PTSD is usually described as a disorder associated with anxiety. Anxiety is described as a condition characterized by excessive worrying which leads to effects manifested psychologically and physically (Schiraldi 13). There are certain symptoms that doctors usually look for in a patient in addition to the patient’s history, in the diagnosis of PTSD. One symtpom is the recurrent experiences of the events of a trauma in nightmares or in disturbing thoughts. The victim will usually disturbing memories of the events that may be triggered by circumstances that remind the patient of certain details of the traumatic experience. For instance, a female rape victim may experience disturbing memories of the event when getting intimate with a male partner. The triggering events might not necessarily pose any danger but the memories they bring to the victim might be overwhelming and therefore leading to excess anxiety. The second symptom is the excessive development of fear of certain places, people or circumstances. The fear is some aspect of defense mechanism that the victim develops in an attempt to prevent the repetition of the traumatizing event. A victim of assult may aviod being in secluded places alone to the extent that they will not go out of the house. The intense psychological stress may emanate physical symptoms. Some of the physical symptoms include lack of sleep, hyperreaction to harmless situations or persons, loss of memory and recurrent blackouts (MedicineNet)

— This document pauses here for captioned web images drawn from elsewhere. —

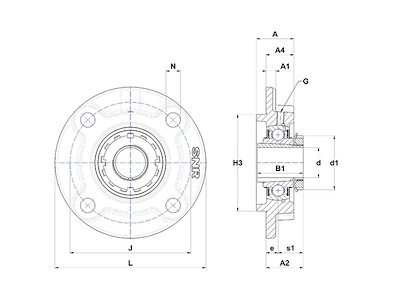 NTN UKFC207D1 BEARING UNIT 35X72X29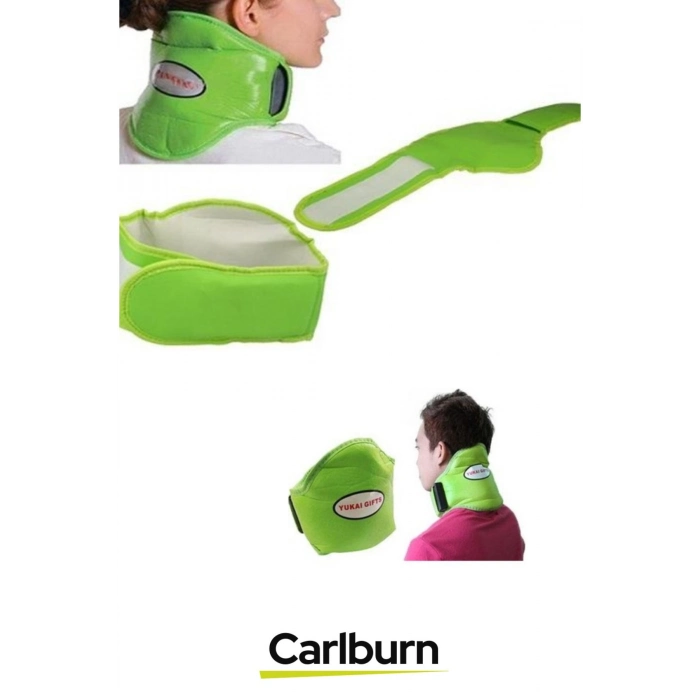 Kas Dinlendirici Kan Dolaşımı Hızlandırıcı Rahatlık Pilli Boyun Omuz Masaj Minderi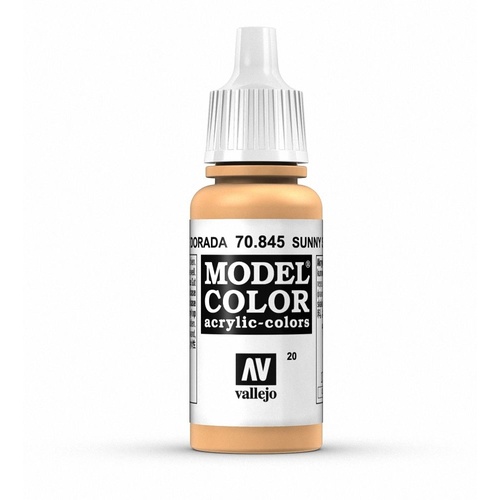 Vallejo - Model Colour Sunny Skintone 17 ml (#20)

PTSD is either treated using medication or by putting the patient on a psychological therapy depending on the severity of the symptoms. One strategy involves teaching a PTSD victim of various ways to cope with the triggering situations and explaining to them that there are other people who have managed to get over their traumatic experiences. The nurturing of coping mechanisms is also important. Patients are taken through visual and verbal triggers of the events and then asked to apply the coping mechanisms they have learnt in the therapy sessions. A recent but not fully approved method include the Eye Movement Desensitization Reprosessing (EMDR). EMDR aims at allowing the patine to revisit the traumatic events and reprossess their experience to a more healthy perception by following the rapid finger movements of the therapist. Other forms of treatment target the symtoms and they include the administration of antidepressants and relaxation therapies to adress the sleep problems (MedicineNet).

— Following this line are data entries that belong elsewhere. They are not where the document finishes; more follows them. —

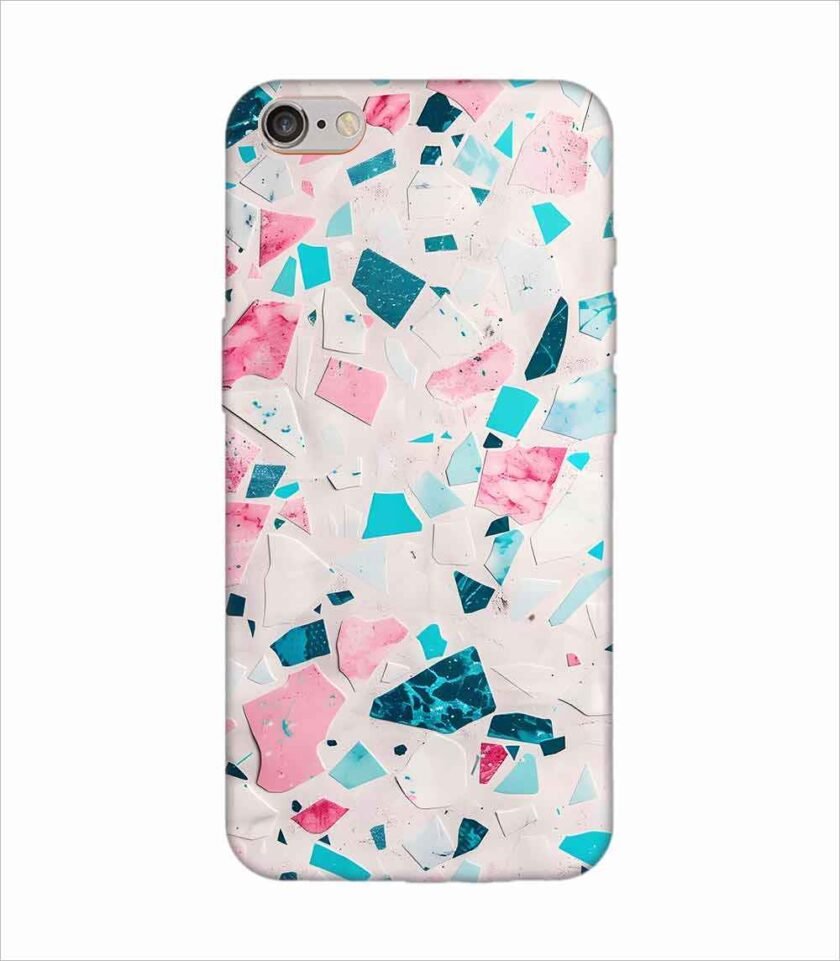 Apple Iphone 6S Back Case Covers Colorful Piece Paper With Words Little Blue It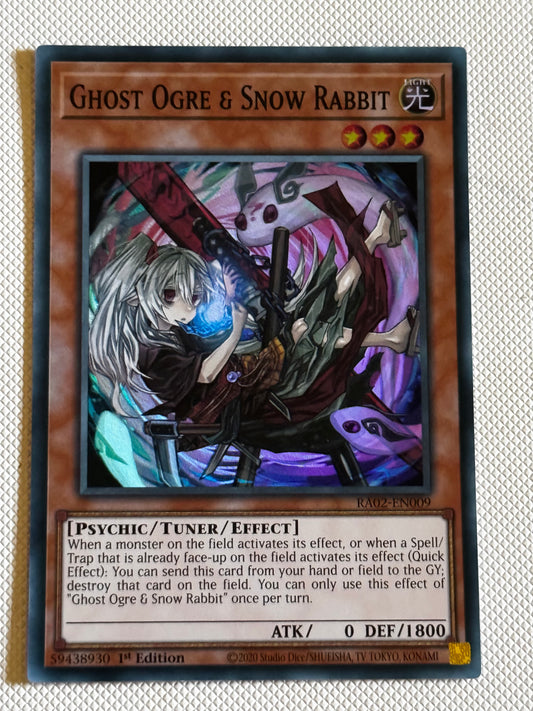 Ghost Ogre & Snow Rabbit RA02-EN009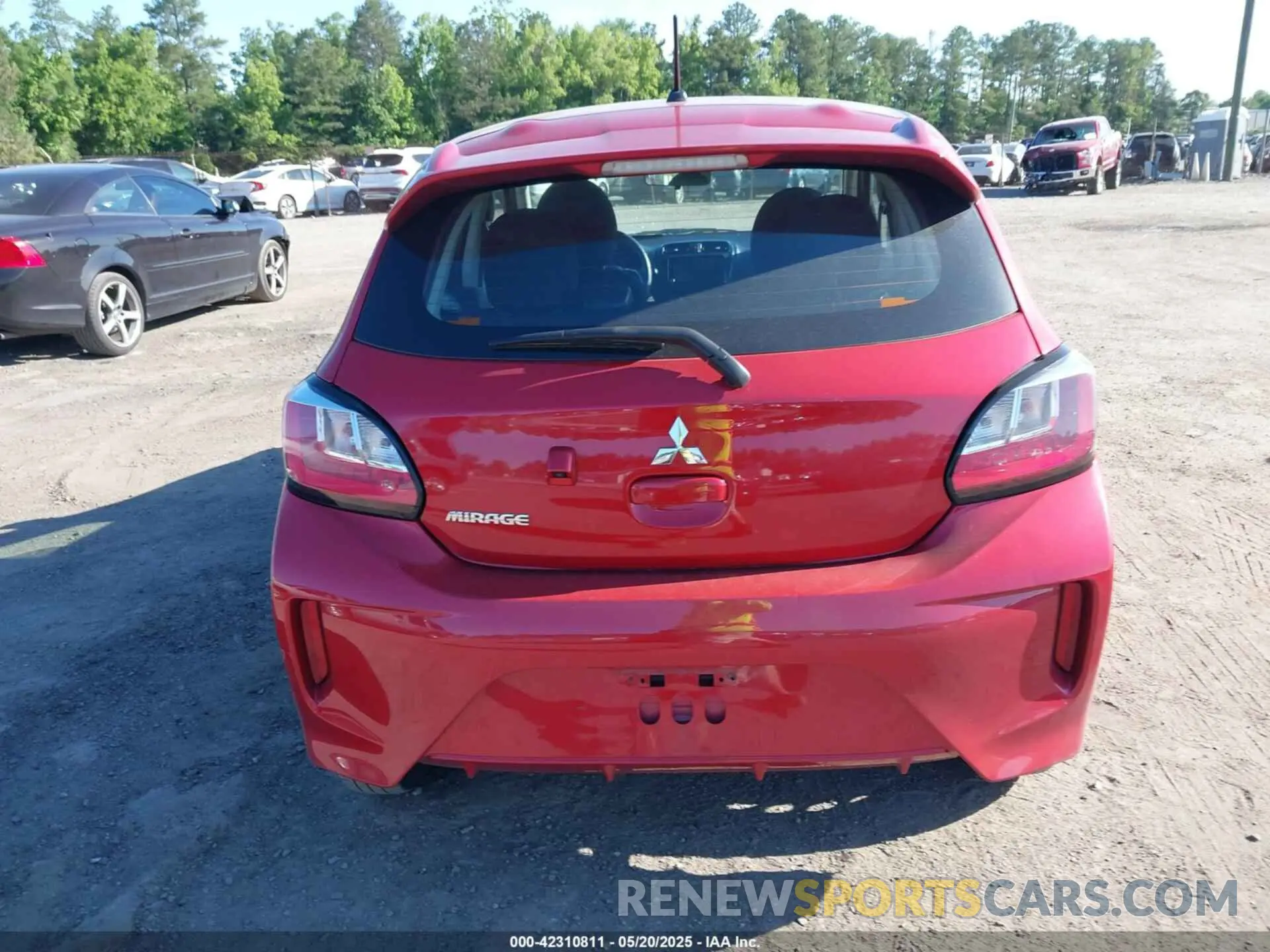 16 Photograph of a damaged car ML32AUHJ7RH006826 MITSUBISHI MIRAGE 2024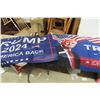 Image 1 : 2 New Trump Flags 36x60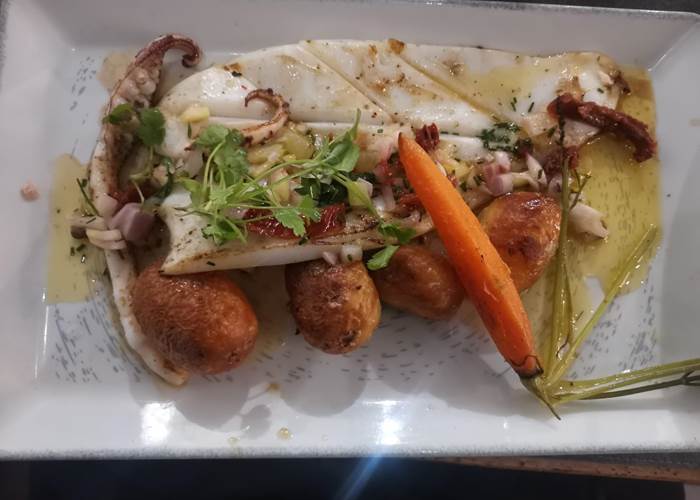 Calamar au Puits Fleuri.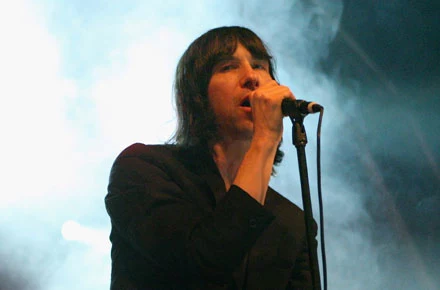 Bobby Gillespie (Primal Scream) fot. Graham Denholm Bobby Gillespie (Primal Scream) fot. Graham Denholm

Management of PTSD is an important aspect especially during the time that a patient is going through treatament. Management requires both effort from a patient and the patient’s family members and it may range from the aviodance of the triggering cisrcumstances unless it is done by the approval and in the presence of a therapist. Management also involves group therapies where patients suffering from PTSD may form groups and then share their experiences, challenges and strategies (Follette 18).
PTSD is a mental disorder with the capacity of affecting the productivity of an individual and reducing the quality of life of the victim. Prevalence statistics have indicated that PTSD is a common disease and many people are at risk. Current practices focus more on training people especially the ones at risk on strategies to aviod PTSD in case they encounter a traumatizing situation.